Storytelling, subversion and satire in Tita Salina’s 1001st Island

Two years ago, the National Gallery of Australia’s Contemporary Worlds: Indonesia exhibition opened to the public. In the third room of the gallery space was a sculpture comprised of one tonne of plastic; wrapped in fishing nets to make an island, and supported by oil barrels and floats. Under the warm glow of an incandescent spotlight, discarded Indonesian candy packets and chip packets and soft drink cans sparkled; deep pinks, pastel blues, greens and gold-tinged wrappers shimmered under the light. There was a feeling of curiosity and surprise that came with encountering rubbish in the fumigated, sanitised gallery space; an aesthetic intervention that combined the out-of-place and the lurid into a strange (but beautiful) harmony.

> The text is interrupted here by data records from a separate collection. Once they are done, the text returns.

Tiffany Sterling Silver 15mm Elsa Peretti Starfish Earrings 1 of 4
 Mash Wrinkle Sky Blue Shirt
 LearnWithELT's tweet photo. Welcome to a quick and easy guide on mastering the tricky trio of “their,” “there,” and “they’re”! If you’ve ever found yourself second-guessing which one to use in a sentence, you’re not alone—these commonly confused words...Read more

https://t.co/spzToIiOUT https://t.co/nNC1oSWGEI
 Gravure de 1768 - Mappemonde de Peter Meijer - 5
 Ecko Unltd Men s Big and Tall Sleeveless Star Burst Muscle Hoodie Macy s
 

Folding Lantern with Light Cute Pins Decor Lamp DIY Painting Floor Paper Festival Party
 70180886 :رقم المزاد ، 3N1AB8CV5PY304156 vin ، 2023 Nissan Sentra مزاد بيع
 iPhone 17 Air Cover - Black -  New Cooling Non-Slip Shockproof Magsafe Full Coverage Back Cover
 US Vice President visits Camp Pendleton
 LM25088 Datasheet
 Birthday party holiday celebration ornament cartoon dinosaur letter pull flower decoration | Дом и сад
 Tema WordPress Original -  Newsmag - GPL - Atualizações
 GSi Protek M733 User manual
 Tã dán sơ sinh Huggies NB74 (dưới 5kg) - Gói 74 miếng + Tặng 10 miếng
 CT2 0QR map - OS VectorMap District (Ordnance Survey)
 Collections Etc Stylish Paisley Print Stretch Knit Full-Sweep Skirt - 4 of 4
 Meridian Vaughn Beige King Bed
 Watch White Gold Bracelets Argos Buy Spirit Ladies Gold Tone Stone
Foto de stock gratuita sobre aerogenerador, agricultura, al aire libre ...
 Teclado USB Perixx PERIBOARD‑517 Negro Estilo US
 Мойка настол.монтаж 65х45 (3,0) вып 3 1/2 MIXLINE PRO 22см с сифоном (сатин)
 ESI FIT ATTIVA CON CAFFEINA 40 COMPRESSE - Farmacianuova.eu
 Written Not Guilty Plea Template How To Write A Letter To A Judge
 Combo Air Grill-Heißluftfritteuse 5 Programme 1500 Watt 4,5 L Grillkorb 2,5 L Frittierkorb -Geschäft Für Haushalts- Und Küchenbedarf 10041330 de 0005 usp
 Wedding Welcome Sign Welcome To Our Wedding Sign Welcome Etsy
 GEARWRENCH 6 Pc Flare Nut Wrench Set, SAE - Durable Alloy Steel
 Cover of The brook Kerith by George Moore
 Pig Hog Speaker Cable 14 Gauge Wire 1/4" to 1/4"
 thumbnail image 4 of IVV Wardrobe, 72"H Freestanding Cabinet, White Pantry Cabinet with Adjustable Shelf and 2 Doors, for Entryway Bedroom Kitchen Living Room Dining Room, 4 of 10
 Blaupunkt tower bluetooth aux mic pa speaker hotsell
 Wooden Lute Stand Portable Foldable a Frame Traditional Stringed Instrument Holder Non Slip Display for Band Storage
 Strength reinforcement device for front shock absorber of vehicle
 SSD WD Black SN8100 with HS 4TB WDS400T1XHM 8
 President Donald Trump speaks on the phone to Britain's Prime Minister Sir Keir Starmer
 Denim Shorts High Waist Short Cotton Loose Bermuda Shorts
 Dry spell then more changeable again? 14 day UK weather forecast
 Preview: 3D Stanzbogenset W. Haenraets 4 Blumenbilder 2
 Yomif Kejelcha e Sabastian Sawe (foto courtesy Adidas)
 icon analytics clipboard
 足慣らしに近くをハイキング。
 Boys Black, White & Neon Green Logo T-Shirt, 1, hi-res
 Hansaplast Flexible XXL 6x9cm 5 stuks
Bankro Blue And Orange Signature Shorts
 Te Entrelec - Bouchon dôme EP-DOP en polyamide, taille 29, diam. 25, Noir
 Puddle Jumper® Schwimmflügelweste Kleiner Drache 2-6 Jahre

The artist, Tita Salina, standing next to her plastic island at the Contemporary Worlds: Indonesia opening weekend. Image courtesy of the National Gallery of Australia, Canberra

The work of art in question was titled 1001st Island: The Most Sustainable Island in the Archipelago (2015), by the Jakarta-based artist, Tita Salina. The issue of plastic waste is a key topic of concern in the artist’s practice, as well as in works of art produced by—and with— the artist’s frequent collaborator, Irwan Ahmett. In Tita’s claim that this pile of trash is “the most sustainable” island in the archipelago, there is a clear exaggeration and sardonic, tongue-in-cheek comedy; yet the argument is nevertheless true.  As the island is made of plastic, it is virtually indestructible. Across the artist’s oeuvre, satire, intervention and dark humour are weaponised to draw attention to key issues that face the world today; and, in 1001st Island, Tita used these tactics to take aim at the issue of sustainability that pervades the country, drawing on performance art and processes of storytelling to tell tales from a sinking, cluttered city.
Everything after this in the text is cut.